Over the past several decades there have been substantial changes in the size, composition, educational level, work activity, and locational choice of families. The aim of this book series is to provide a better understanding of the forces that have led to the choices and consequent observed changes.
The aforementioned changes have likely resulted from varied sources. The initial book will provide a collection of articles at the frontier of research on issues relevant to family decision making and the outcomes of such decisions. The book will contain theoretical as well as empirical insights. Future volumes will focus more narrowly on particular topics.
The term family economics is, admittedly, quite broad; however, it was chosen precisely for that feature. The topics to be covered are vast, yet likely interrelated: What explains the rise in labor force participation of women over the past fifty years?
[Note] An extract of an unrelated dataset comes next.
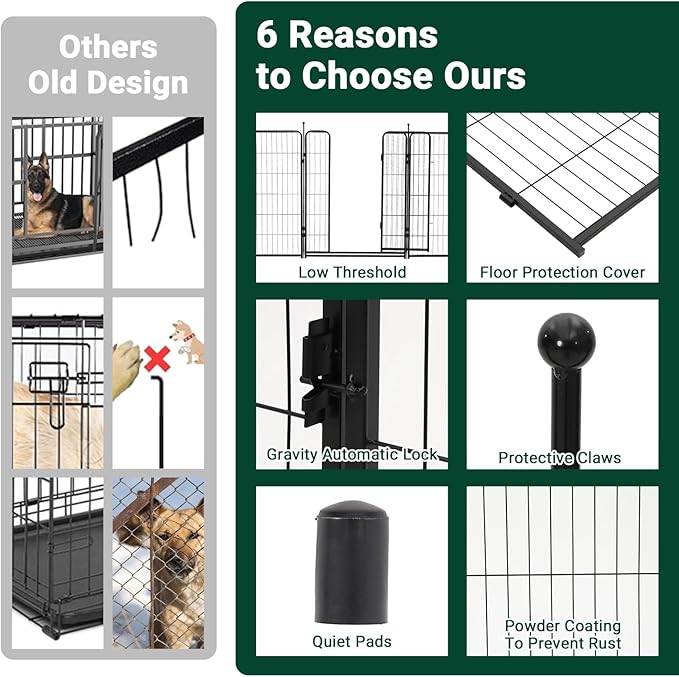 Dog Playpen,40" Height 21 Ft(L) 8 Panels Pet Play Pen, Indoor/Outdoor,Heavy Duty Metal Pet Exercise Pen, Wide Door Low Threshold,Portable Pet Playpen for Rv Camping Garden Yard, Quick Install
What role does technological advance in the household sector play in understanding the behavior of labor force participation and hours of work at home and in the market? What explains the increase in occupational mobility over the past several decades? What factors might be important in explaining the increased rate of divorce? What effect does the increased divorce rate have on the outcomes of children? How much does schooling choice matter for child outcomes? What are the factors that lead to migration/immigration? What explains the explosion in personal bankruptcy rates observed over the past two decades?
These are examples of questions that are currently being asked by researchers throughout the world. Moreover, the answers to such questions can help guide policy makers in understanding how their decisions affect the choices made by individuals and families. The book series will provide readers with a solid theoretical framework as well as a thorough description of the relevant data.